How do I check if username or email exists and then put a error message in my error array. Right now i have:
$sql = "SELECT username, email FROM users WHERE username = '" . $username . "' OR email = '" . $email . "'";
$query = mysql_query($sql);
if (mysql_num_rows($query) > 0)
{
echo "That username or email already exists";
}
But I want to check if it is the username OR the email that is existing and then put:
error[] = "username is existing"; //if the username is existing
error[] = "email is existing"; //if the email is existing
How to do?
It would be easier if you just did a quick true/false check in the SQL and checked the flag that came back.
$sql = "SELECT "
. "(SELECT 1 FROM `users` WHERE `username` = '" . mysql_real_escape_string($username) . "'), "
. "(SELECT 1 FROM `users` WHERE `email` = '" . mysql_real_escape_string($email) . "')";
$query = mysql_query($sql);
if (mysql_num_rows($query) > 0) {
$foundFlags = mysql_fetch_assoc($query);
if ($foundFlags['username']) {
$error[] = "username is existing";
}
if ($foundFlags['email']) {
$error[] = "email is existing";
}
} else {
// General error as the query should always return
}
When it does not find an entry, it will return NULL in the flag, which evaluates to false, so the if condition is fine.
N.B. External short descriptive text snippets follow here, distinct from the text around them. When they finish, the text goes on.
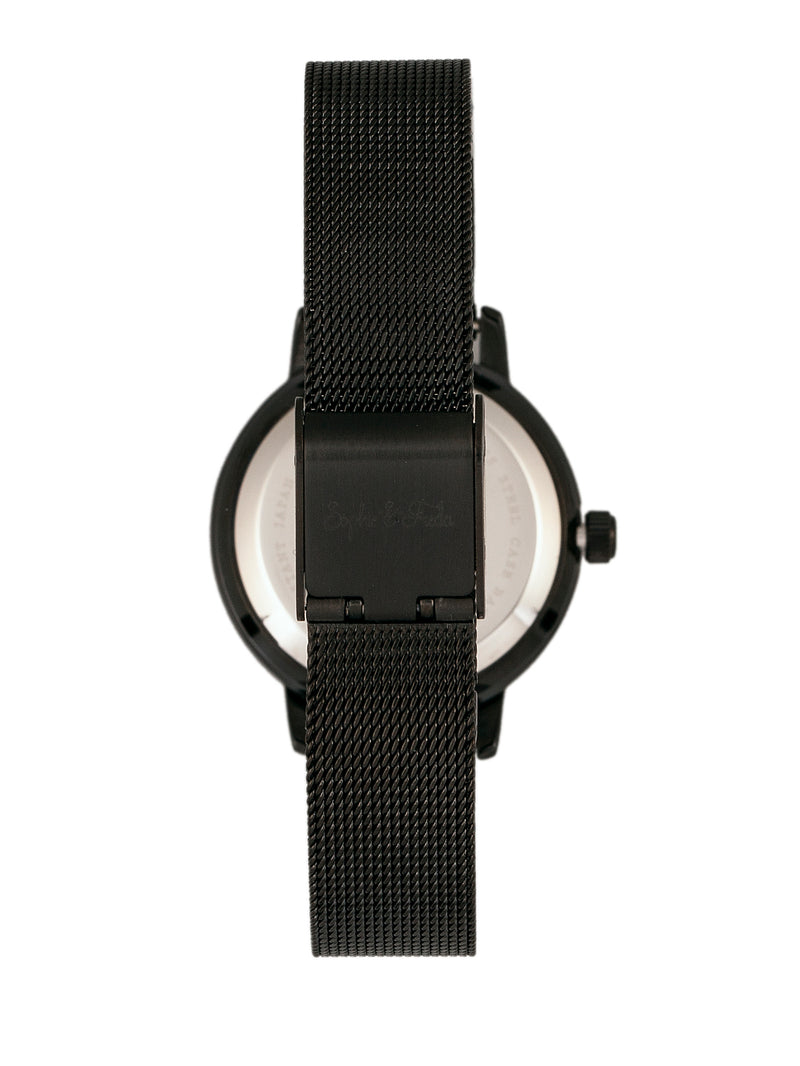 Cambridge w/ Swarovski Crystals Black | Silver Dial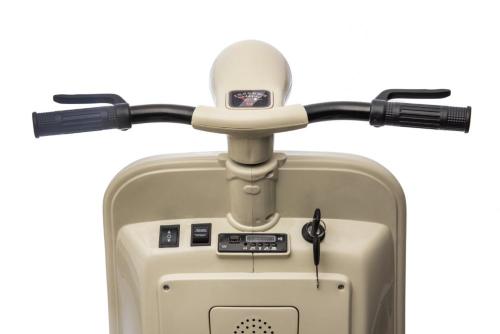 VESPA SIDECAR BIG PIAGGIO CREMA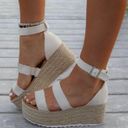 Nude Micro Suede Espadrille Tan Size 8.5 Photo 0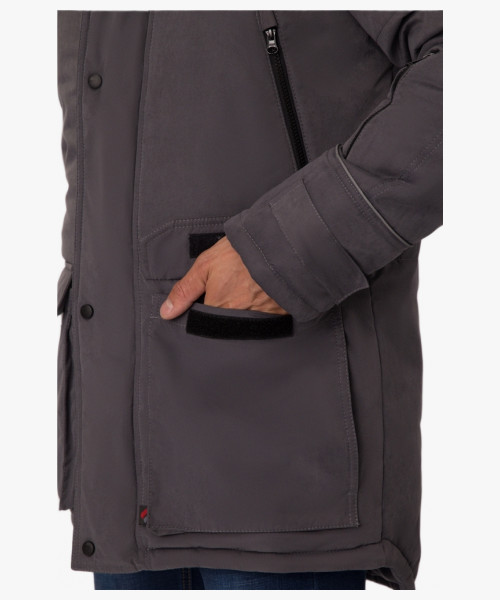 Куртка зимняя Аляска-Люкс (тк.Карелия), серый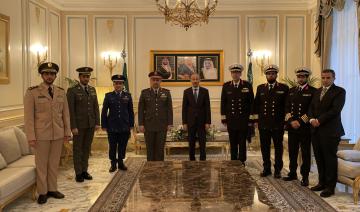 L'Ambassadeur Alruwaily visite le siège de l'attaché militaire saoudien en France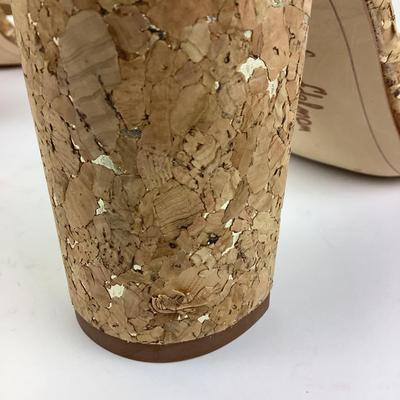 148 SAM EDELMAN Cork Sandals Size 10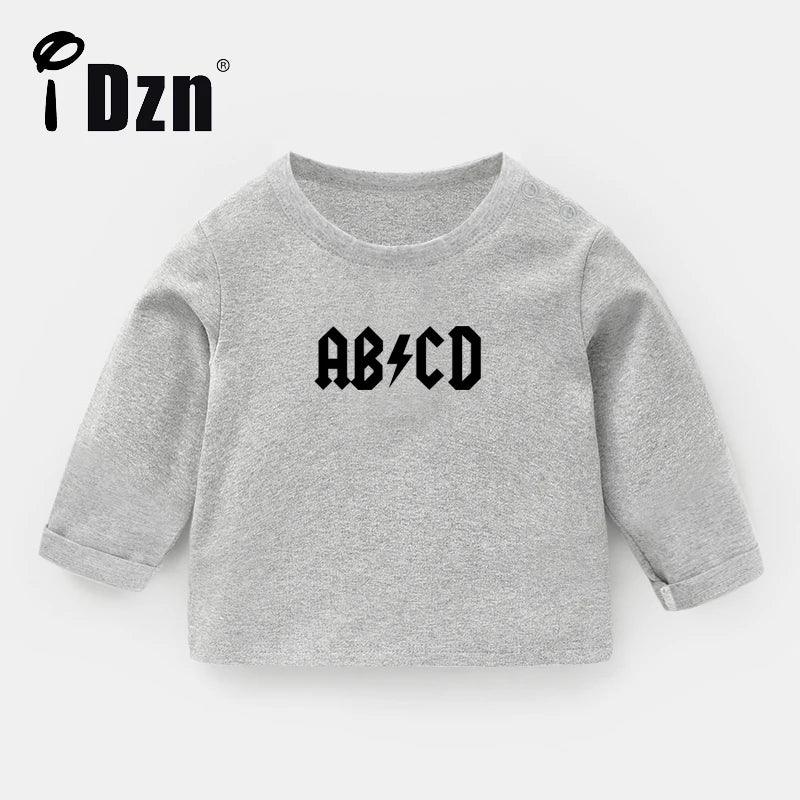 iDzn Baby Boys Girls T Shirt Kids ABCD Funny Rock Gifts for New Family's Clothing Cute Print Tee Tops Long Sleeve T-shirts - Premium baby clothes from Lizard Vigilante - Just $22.99! Shop now at Lizard Vigilante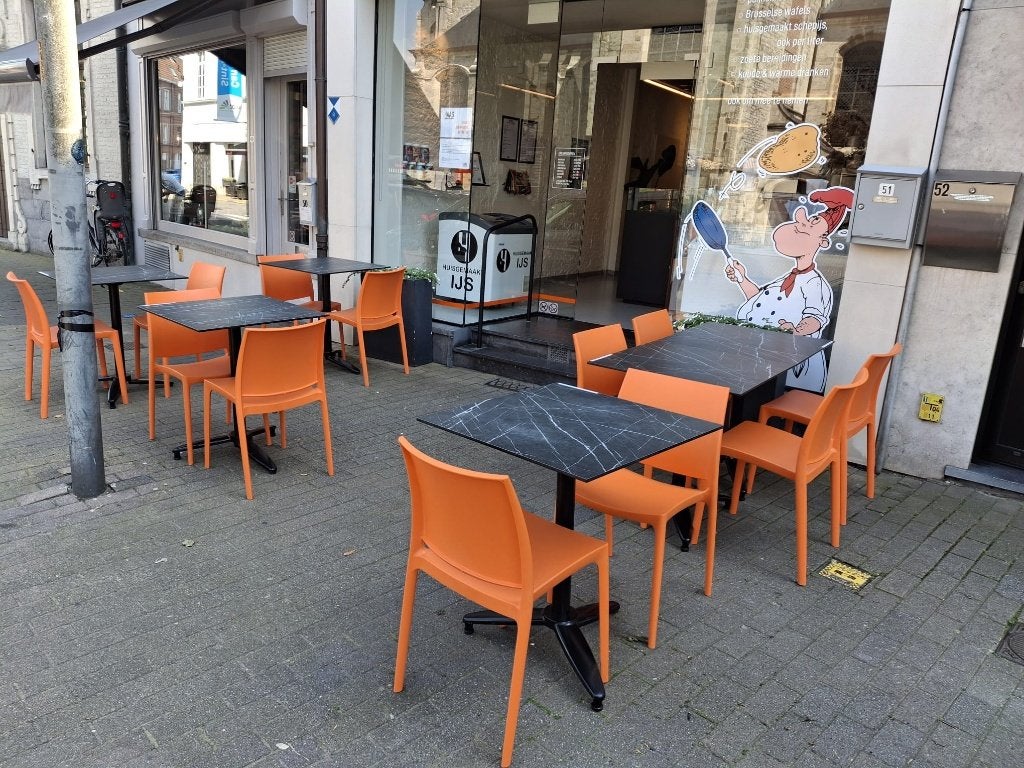 Leuk terras te koop, Enlèvement, Utilisé, Mobilier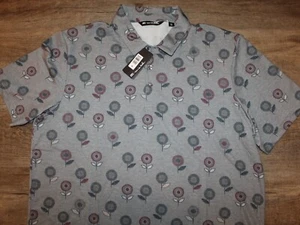 NWT Travis Mathew Men's Golf Polo Shirt Casual Lounge Gray 2XL Coaching Club - Picture 1 of 5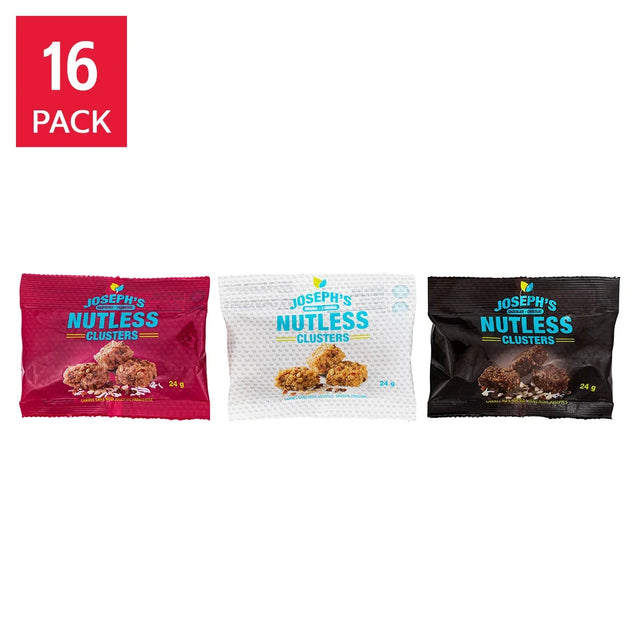 Joseph’s Nutless Clusters, Assorted Flavours, 48 × 24 g A9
Note that you could generalise it for a field list like this:
$fieldMatch = array('username' => $username, 'email' => $email);
$sqlParts = array();
foreach ($fieldMatch as $cFieldName => $cFieldValue) {
$sqlParts[] = "(SELECT 1 FROM `users` WHERE `" . $cFieldName . "` = '" . mysql_real_escape_string($cFieldValue) . "')";
}
$sql = "SELECT " . implode(", ", $sqlParts);
$query = mysql_query($sql);
if (mysql_num_rows($query) > 0) {
$foundFlags = mysql_fetch_assoc($query);
foreach ($foundFlags as $cFieldName => $cFlag) {
if ($foundFlags[$cFieldName]) {
$error[] = $cFieldName . " is existing";
}
}
} else {
// General error as the query should always return
}
NB. Note that assumes all fields are strings, or other string-escaped types (eg. date/time).
Sounds like you're trying to let users know whether a username or email already exists at registration time. Here's what you can do:
<?php
//----------------------------------------
// Create first query
$usernameQuery = 'SELECT username FROM users WHERE username="'.mysql_real_escape_string($username).'"';
//----------------------------------------
// Query db
$usernameResult = mysql_query($userNameQuery);
//----------------------------------------
// Check if result is empty
if(mysql_num_rows($usernameResult) > 0){
//----------------------------------------
// Username already exists
$error[] = 'Username already exists';
//----------------------------------------
// Return error to user and stop execution
// of additional queries/code
} else {
//----------------------------------------
// Check if email exists
//----------------------------------------
// Create query
$emailQuery = 'SELECT email FROM users WHERE email="'.mysql_real_escape_string($email).'"';
//----------------------------------------
// Query the db
$emailResult = mysql_query($emailQuery);
//----------------------------------------
// Check if the result is empty
if(mysql_num_rows($emailResult) > 0){
//----------------------------------------
// Email already exists
$error[] = 'Email already exists';
//----------------------------------------
// Return error to user and stop execution
// of additional queries/code
} else {
//----------------------------------------
// Continue with registration...
}
}
?>
Please note that you should always escape your values before executing the actual query.
Additional Resources:
http://us.php.net/manual/en/function.mysql-real-escape-string.php
http://us.php.net/manual/en/function.mysql-escape-string.php
You can fetch one row and see if you got same email that you search or same username or both. You can do LIMIT 0,1 if you can stop after finding first row matching either this or that.